■ Data records ■
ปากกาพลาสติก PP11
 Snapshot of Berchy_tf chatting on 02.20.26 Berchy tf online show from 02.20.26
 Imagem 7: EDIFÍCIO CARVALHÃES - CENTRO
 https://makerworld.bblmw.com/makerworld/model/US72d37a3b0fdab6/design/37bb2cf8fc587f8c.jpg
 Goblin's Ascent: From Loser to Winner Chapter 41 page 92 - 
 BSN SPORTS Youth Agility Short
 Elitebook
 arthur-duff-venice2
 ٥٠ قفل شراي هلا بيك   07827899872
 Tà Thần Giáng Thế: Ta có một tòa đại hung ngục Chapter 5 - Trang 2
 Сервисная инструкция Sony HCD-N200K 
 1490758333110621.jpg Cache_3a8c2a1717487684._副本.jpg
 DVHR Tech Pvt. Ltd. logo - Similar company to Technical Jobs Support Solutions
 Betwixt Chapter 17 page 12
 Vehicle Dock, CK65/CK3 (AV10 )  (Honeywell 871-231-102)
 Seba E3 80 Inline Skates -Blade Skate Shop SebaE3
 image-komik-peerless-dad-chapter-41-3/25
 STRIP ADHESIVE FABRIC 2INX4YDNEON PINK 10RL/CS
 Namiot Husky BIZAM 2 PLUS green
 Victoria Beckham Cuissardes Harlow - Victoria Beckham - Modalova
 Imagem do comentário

■ Work to be completed ■
Among the lines above, return each one holding the string "page".

■ Solved exercise ■
 Goblin's Ascent: From Loser to Winner Chapter 41 page 92 - 
 Betwixt Chapter 17 page 12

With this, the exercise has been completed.